=== Records to process ===
- - - -

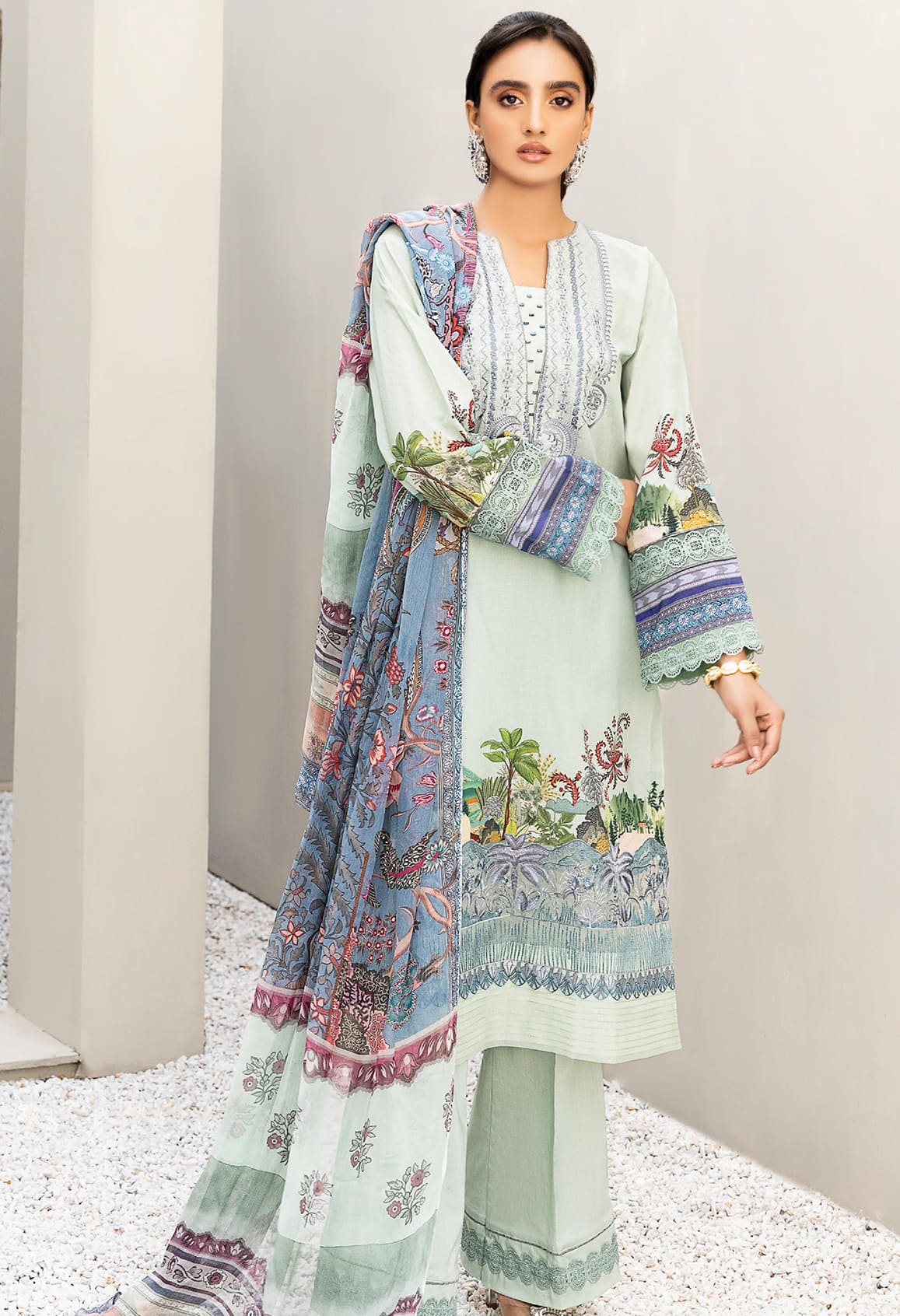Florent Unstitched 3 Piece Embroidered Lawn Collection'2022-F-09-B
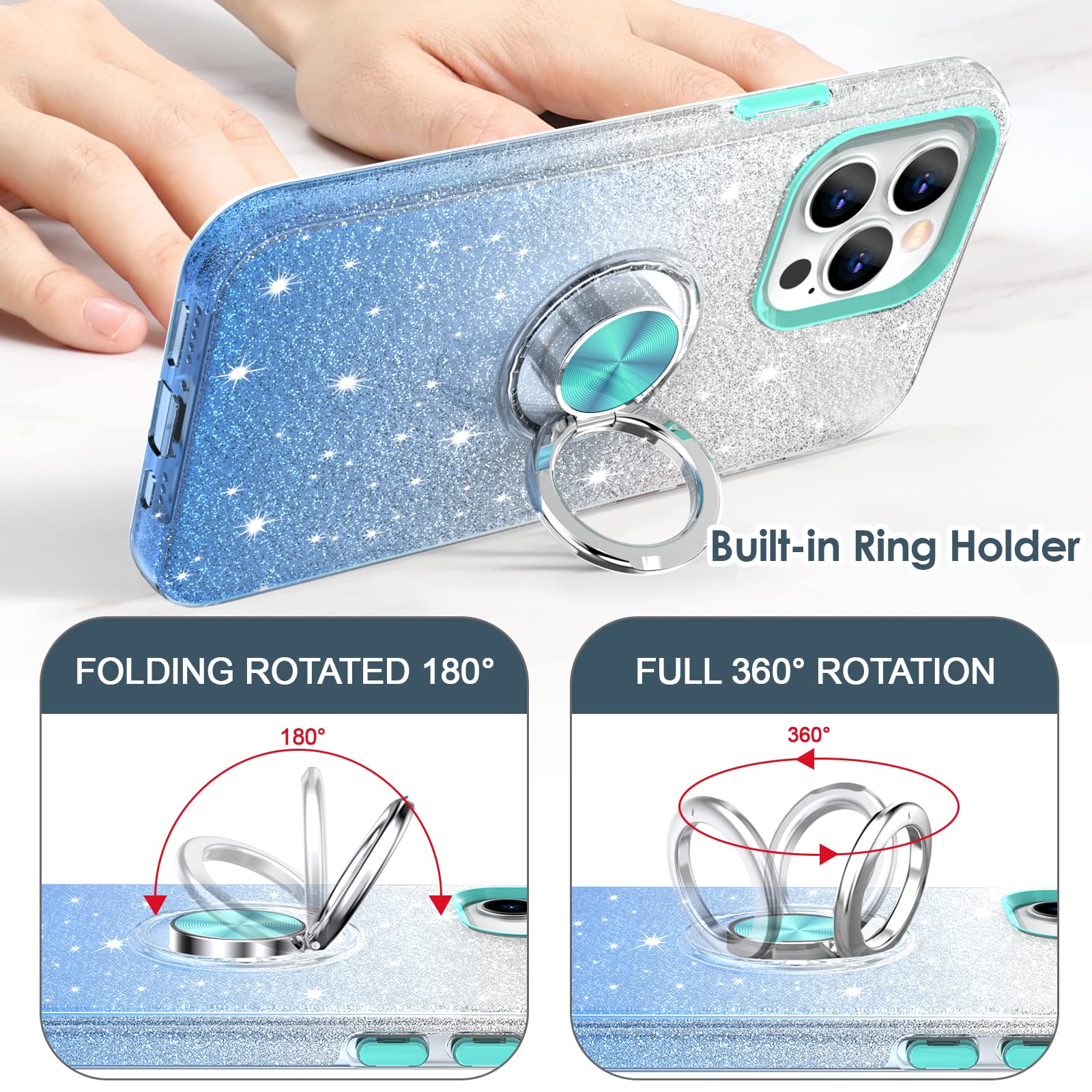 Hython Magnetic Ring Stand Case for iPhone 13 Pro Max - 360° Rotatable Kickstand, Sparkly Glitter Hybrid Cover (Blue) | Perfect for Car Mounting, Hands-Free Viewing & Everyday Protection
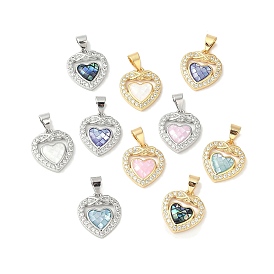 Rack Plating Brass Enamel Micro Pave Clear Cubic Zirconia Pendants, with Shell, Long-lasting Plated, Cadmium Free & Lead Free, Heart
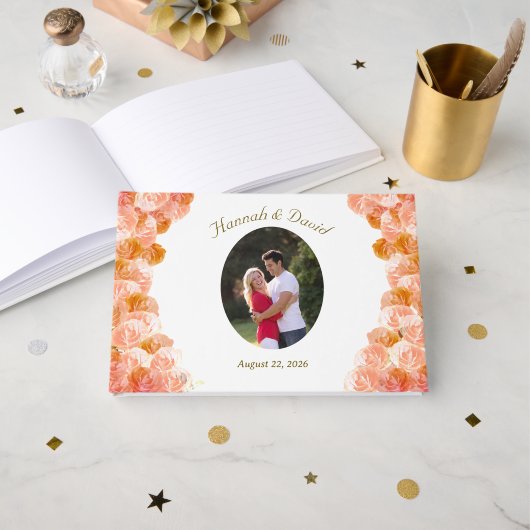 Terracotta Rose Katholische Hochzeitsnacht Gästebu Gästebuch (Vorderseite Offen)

- - - -

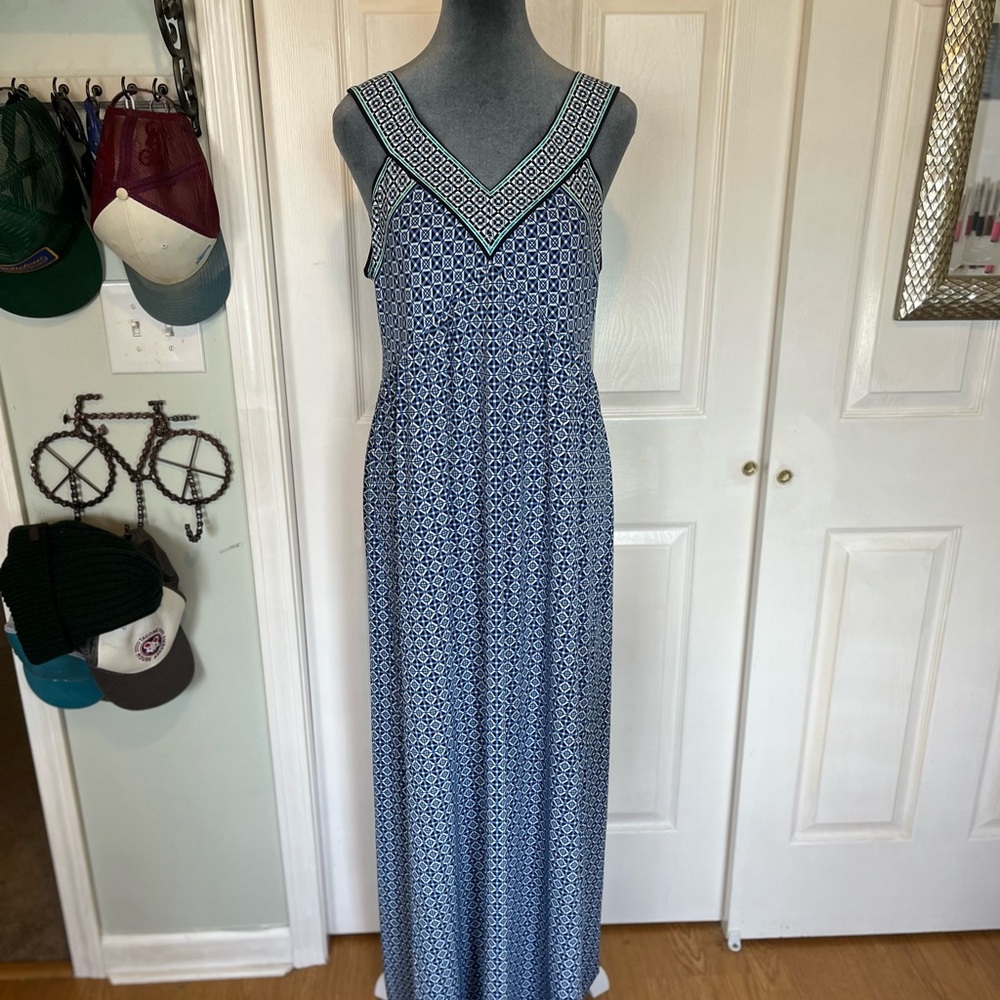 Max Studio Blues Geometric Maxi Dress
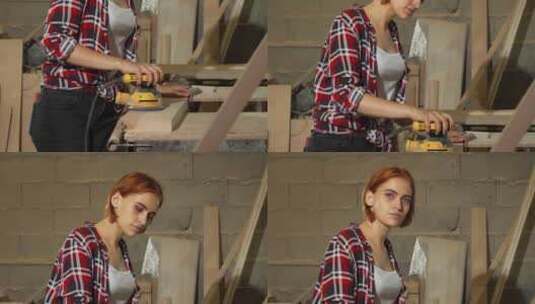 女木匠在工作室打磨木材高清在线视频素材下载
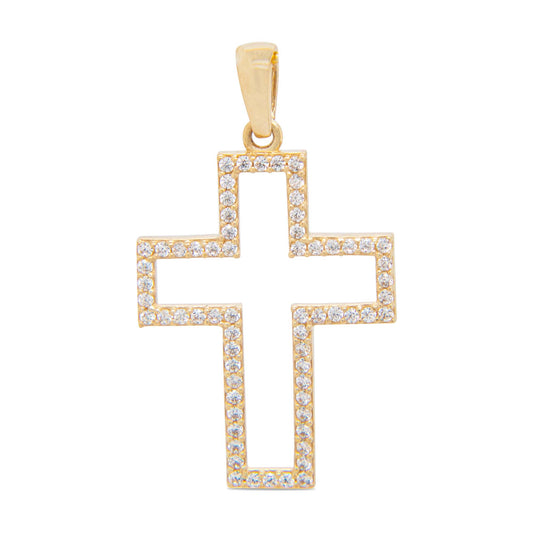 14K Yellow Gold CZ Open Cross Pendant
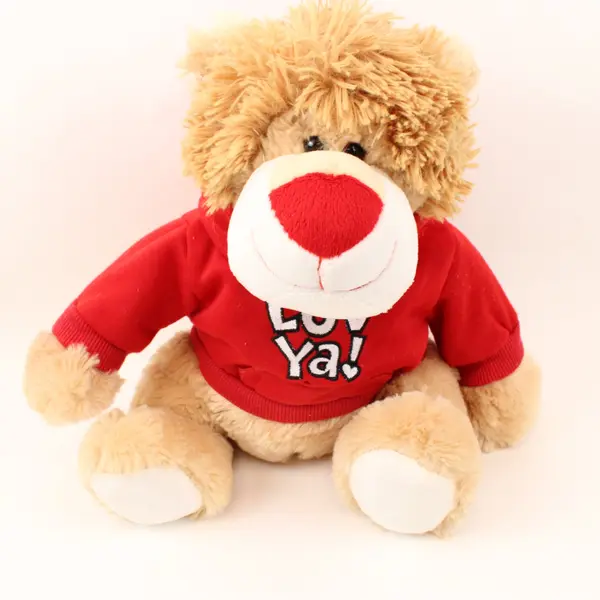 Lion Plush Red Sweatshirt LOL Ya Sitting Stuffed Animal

- - - -

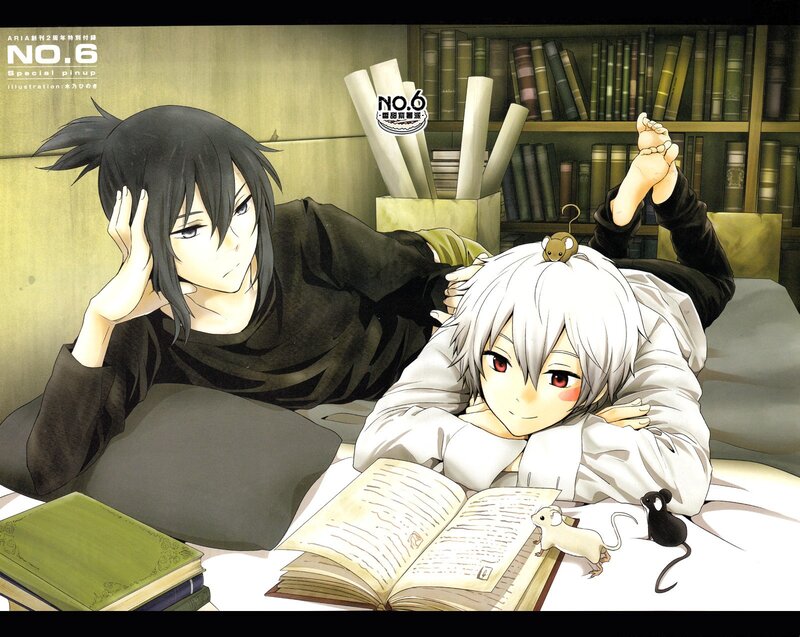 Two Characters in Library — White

- - - -

=== Prompt ===
From the records above, copy only the lines running from the line holding "Rack Plating Brass" through the line holding "Terracotta Rose Katholische", with no pictures.

=== Result for this exercise ===
 Rack Plating Brass Enamel Micro Pave Clear Cubic Zirconia Pendants, with Shell, Long-lasting Plated, Cadmium Free & Lead Free, Heart
 Terracotta Rose Katholische Hochzeitsnacht Gästebu Gästebuch (Vorderseite Offen)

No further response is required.